**WHAT THE EXERCISE ASKS**
In the entries below, find the line containing "eFootball Accounts Mobile|[BigTime" and the line containing "Spina CEE Bals". Copy those two lines and everything between them exactly, without the pictures.

**PROVIDED DATA**
BEGIN
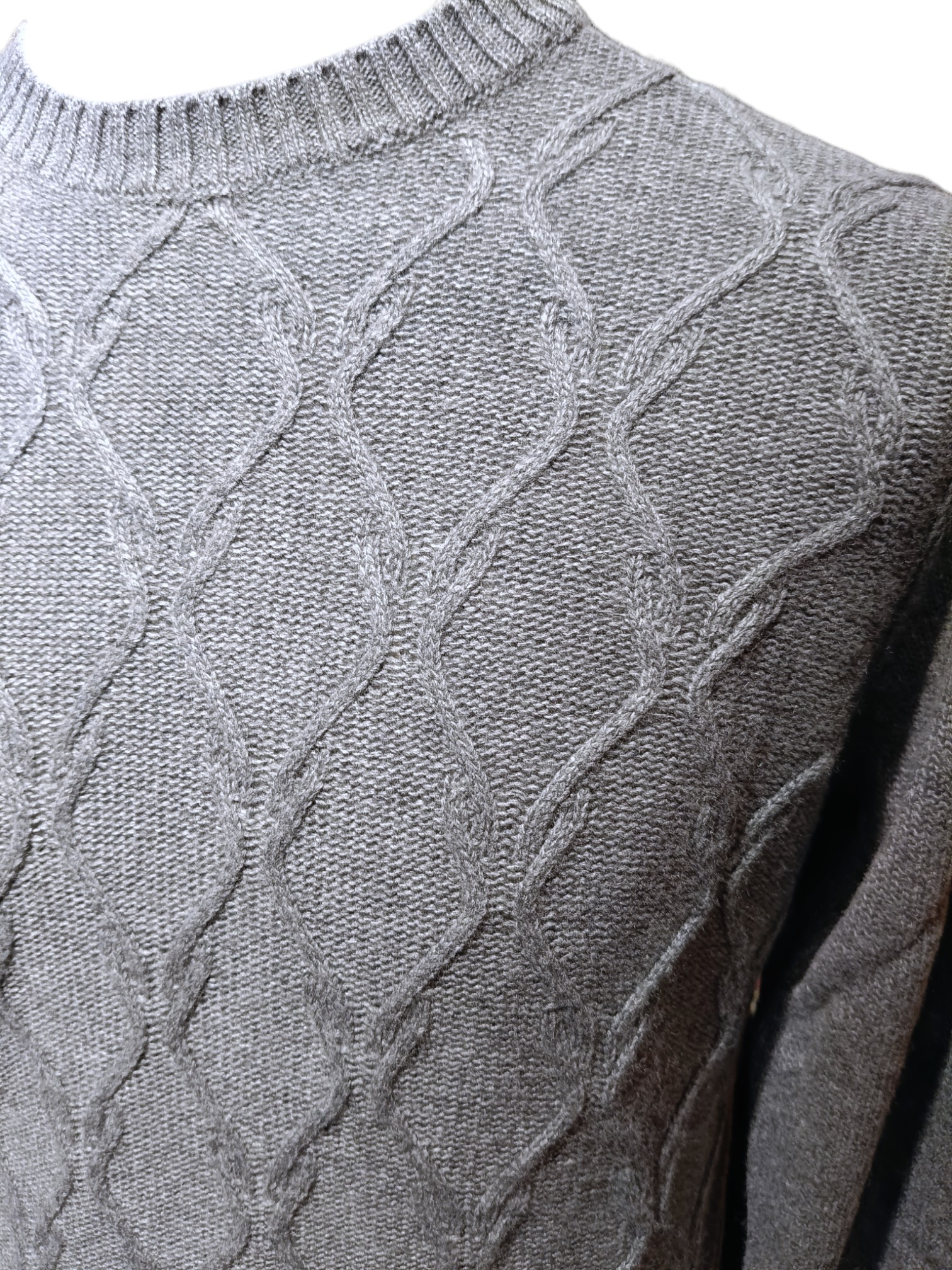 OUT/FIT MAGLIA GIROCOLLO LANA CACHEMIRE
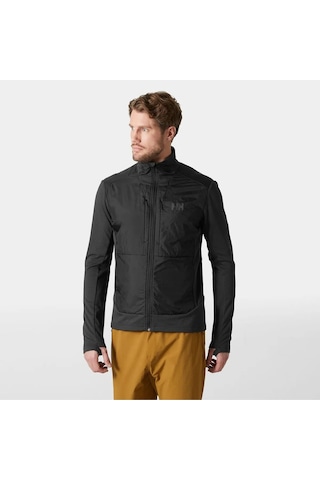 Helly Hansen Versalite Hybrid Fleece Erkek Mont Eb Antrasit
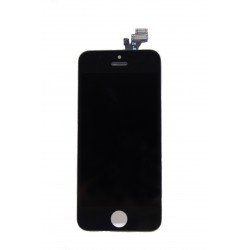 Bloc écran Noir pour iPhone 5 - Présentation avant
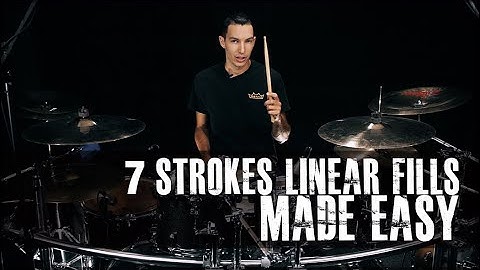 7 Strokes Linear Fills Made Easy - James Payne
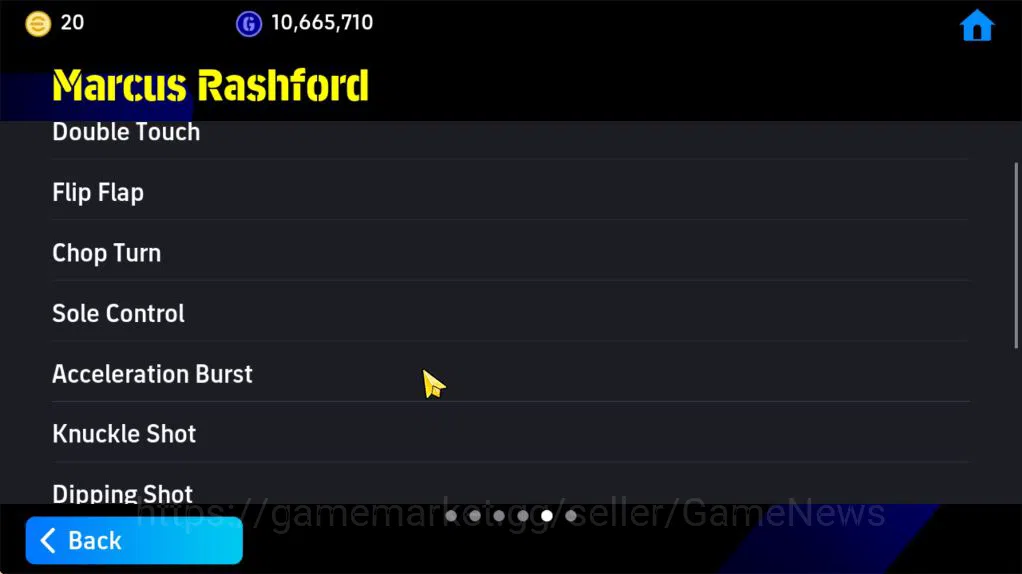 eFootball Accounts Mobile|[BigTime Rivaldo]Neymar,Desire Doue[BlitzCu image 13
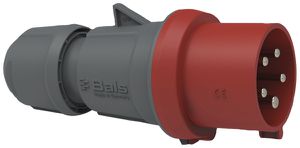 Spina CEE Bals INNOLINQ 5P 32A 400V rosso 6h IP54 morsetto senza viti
END
BEGIN
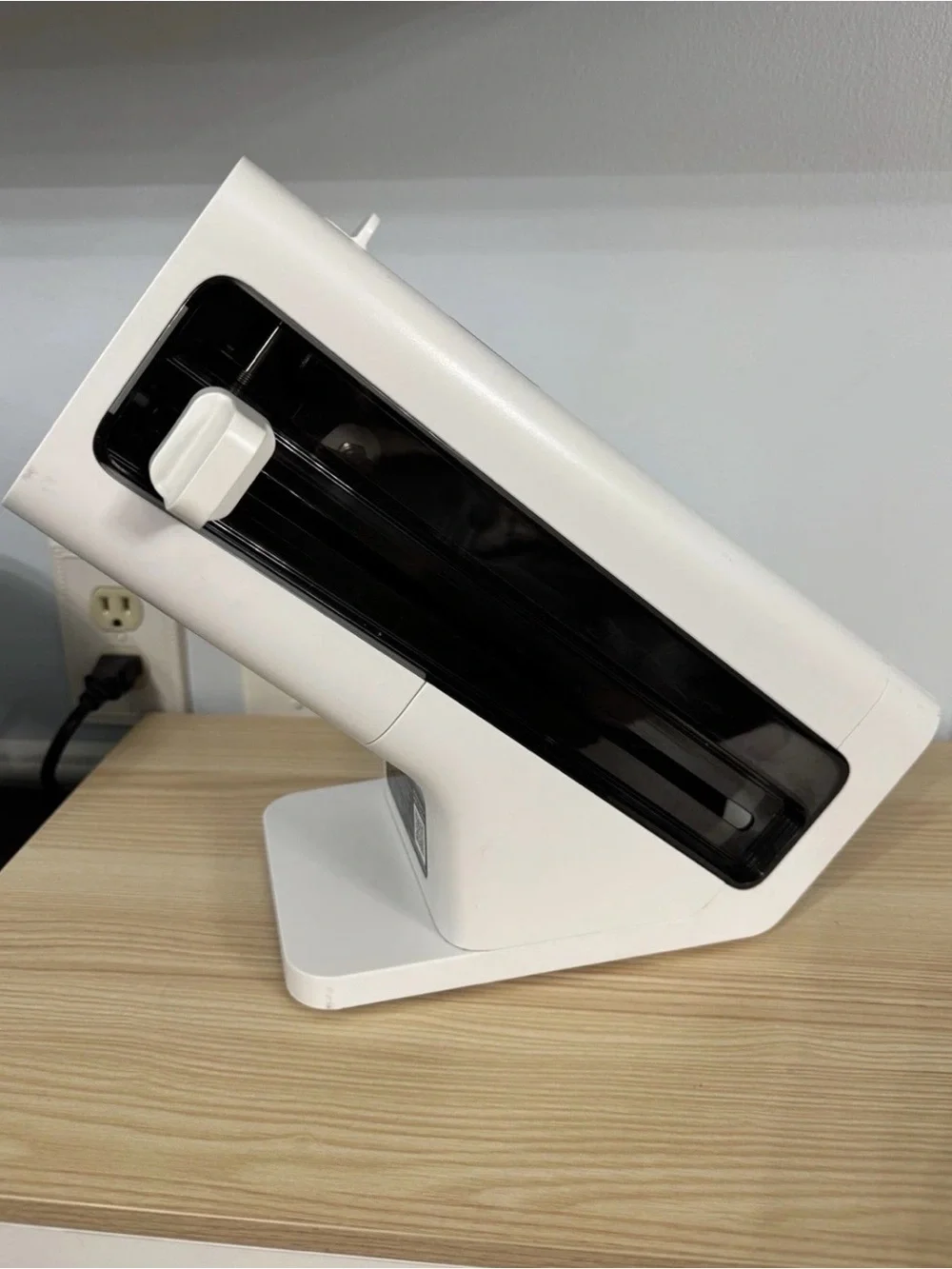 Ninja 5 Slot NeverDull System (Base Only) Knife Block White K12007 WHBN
END
**SOLUTION TO THIS TASK**
 eFootball Accounts Mobile|[BigTime Rivaldo]Neymar,Desire Doue[BlitzCu image 13
 Spina CEE Bals INNOLINQ 5P 32A 400V rosso 6h IP54 morsetto senza viti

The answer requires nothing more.